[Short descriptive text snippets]
┄┄┄┄┄┄┄┄┄┄
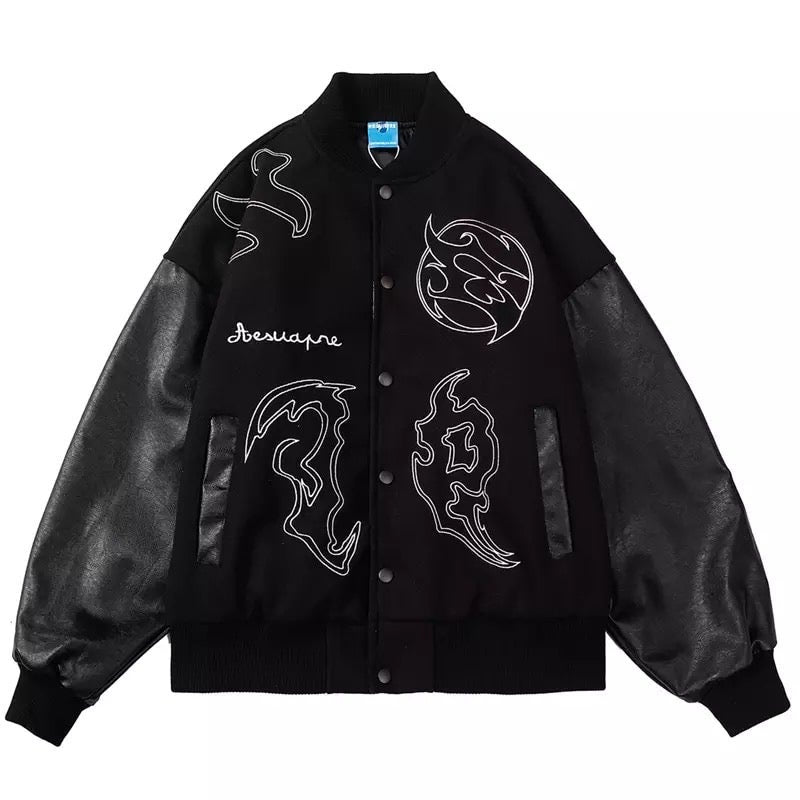 Black Varsity Jacket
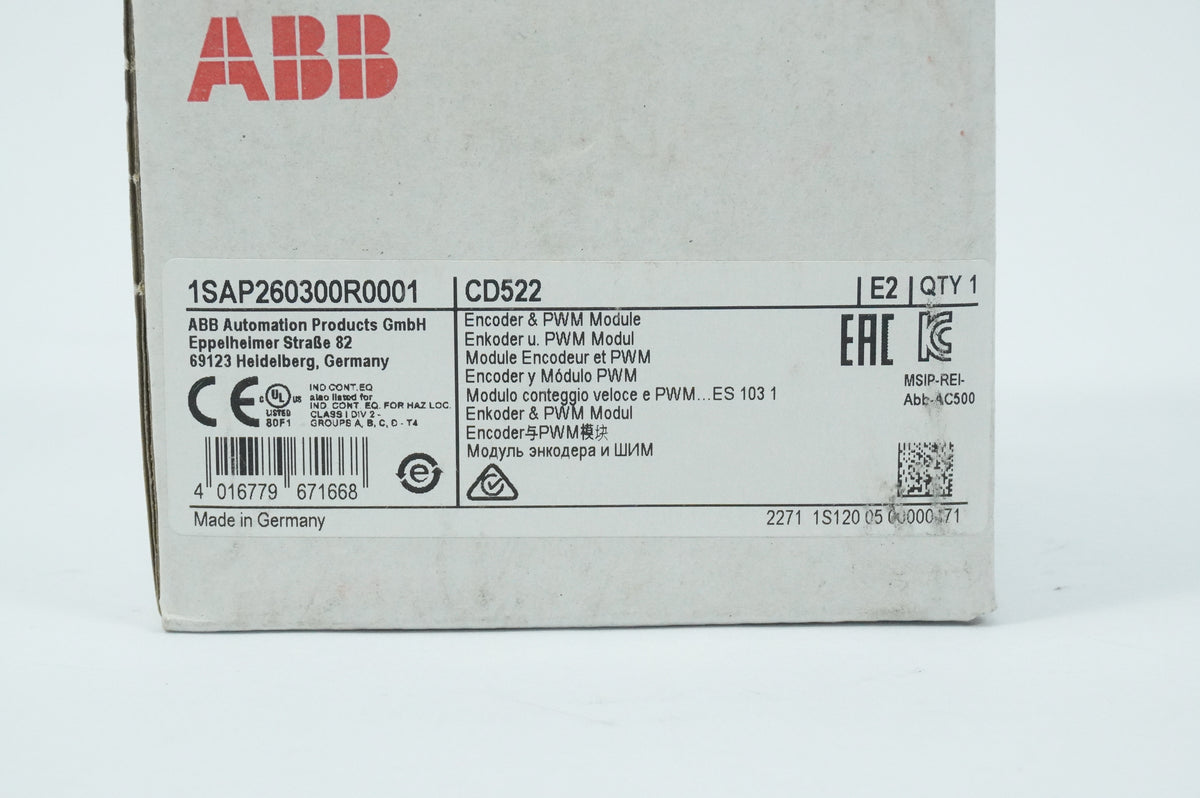 Abb 1SAP260300R0001 CD522 Encoder & PWM Module
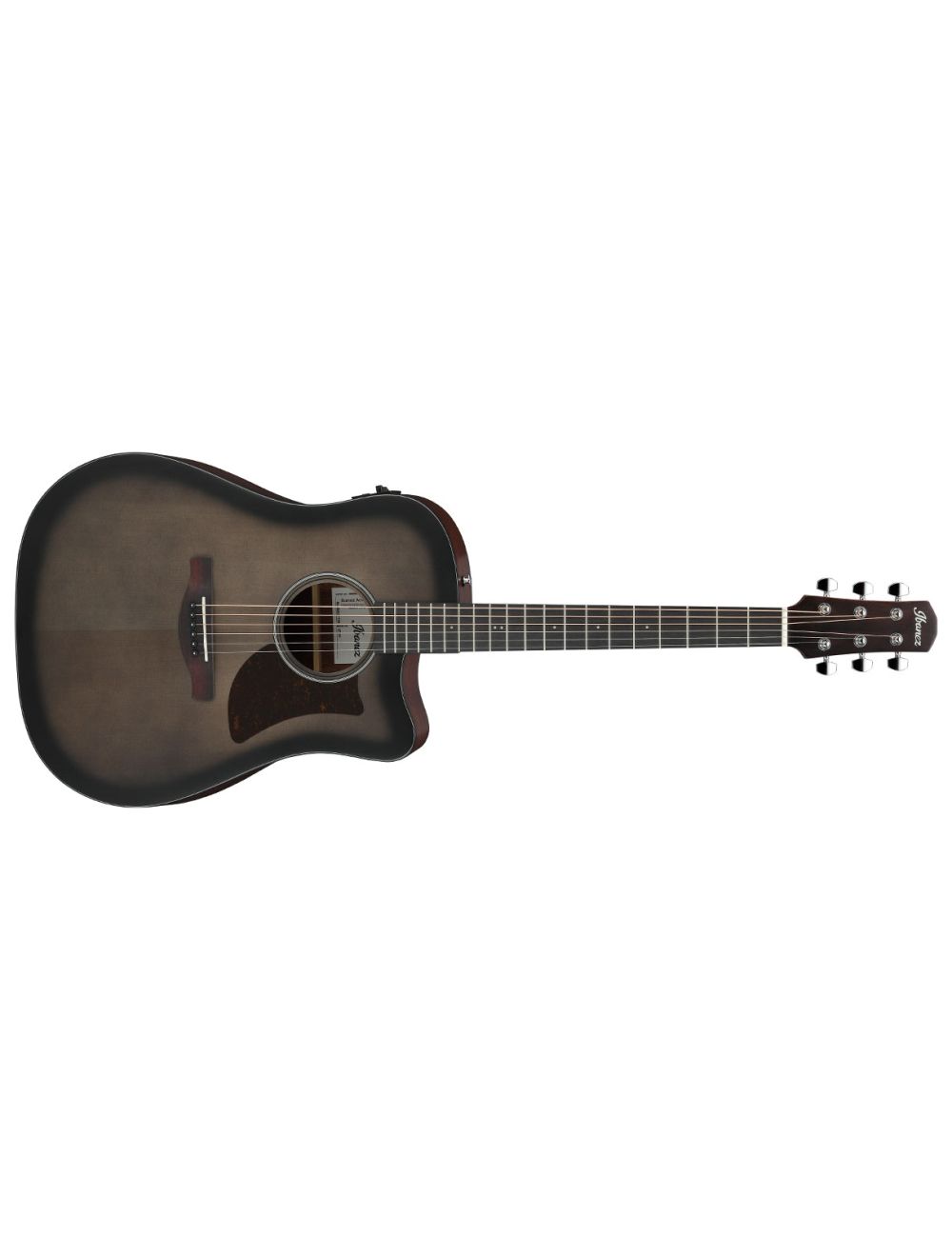 Ibanez AAD50CETCB Advanced Acoustic A/E Guitar - Transparent Charcoal Burst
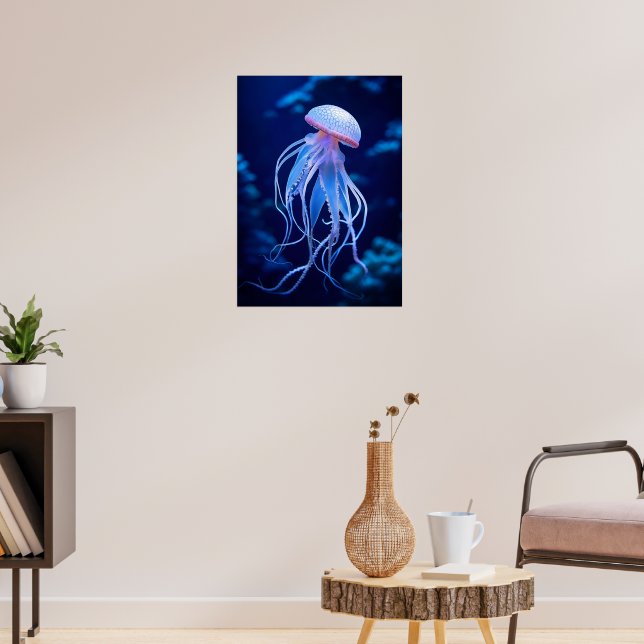 Póster Eliseo etéreo en el Océano Azul Profundo - Lif mar (Salón 3)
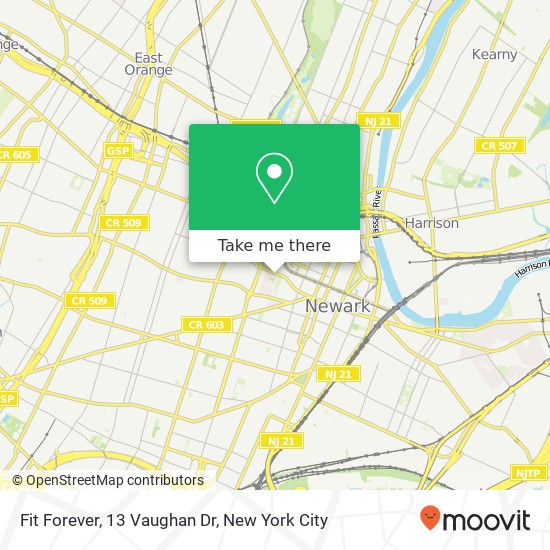 Fit Forever, 13 Vaughan Dr map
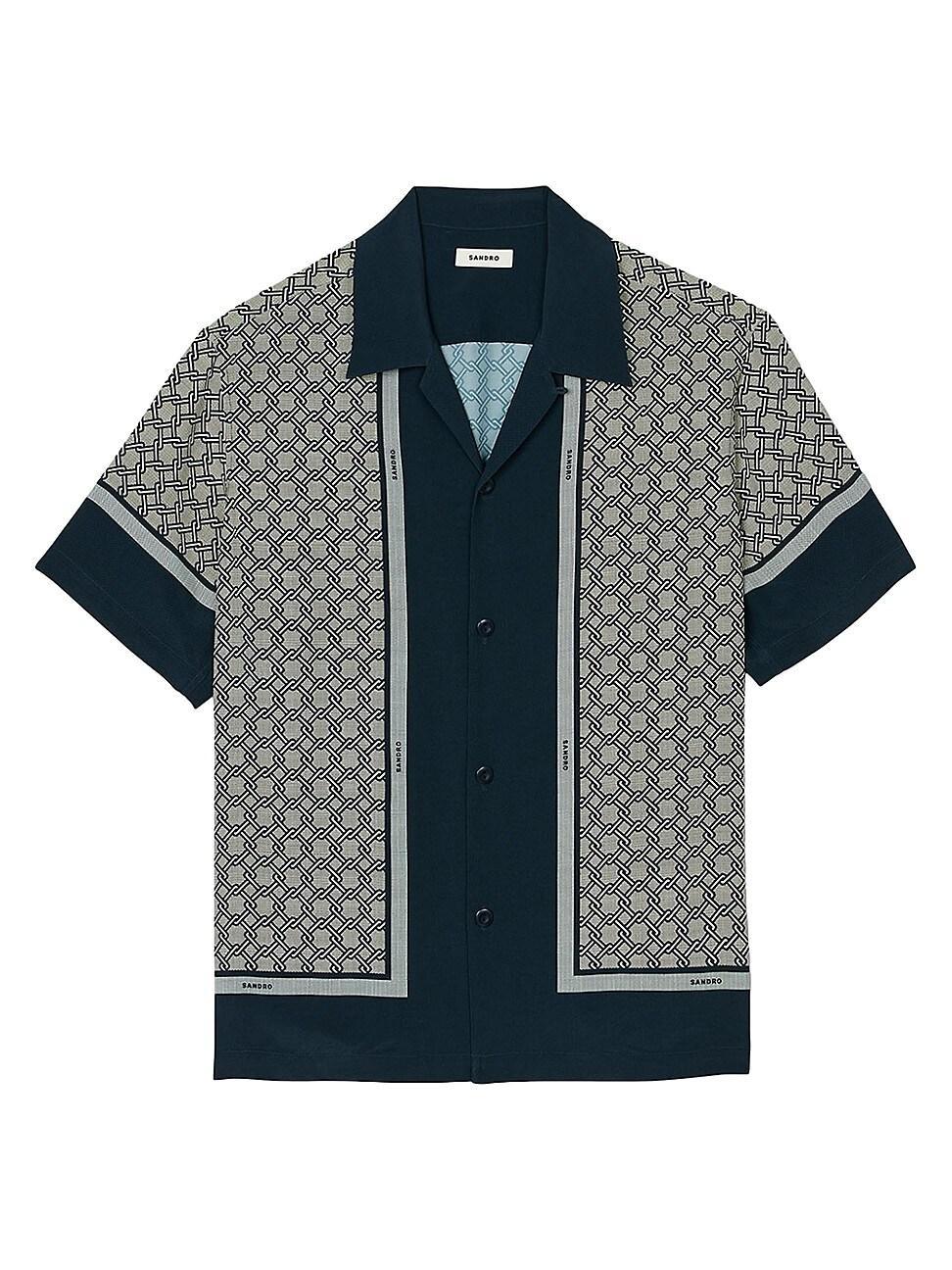 Mens Short Sleeved Patterned Shirt Product Image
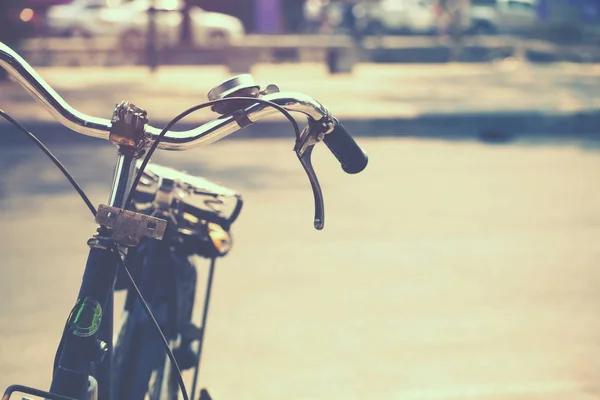 ビンテージ自転車の詳細 — ストック写真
┄┄┄┄┄┄┄┄┄┄
With the pictures left out, copy exactly the lines from the line holding "Ibanez AAD50CETCB Advanced" through the final line of the records, including both.

 Ibanez AAD50CETCB Advanced Acoustic A/E Guitar - Transparent Charcoal Burst
 Póster Eliseo etéreo en el Océano Azul Profundo - Lif mar (Salón 3)
 Fit Forever, 13 Vaughan Dr map
 Mens Short Sleeved Patterned Shirt Product Image
 ビンテージ自転車の詳細 — ストック写真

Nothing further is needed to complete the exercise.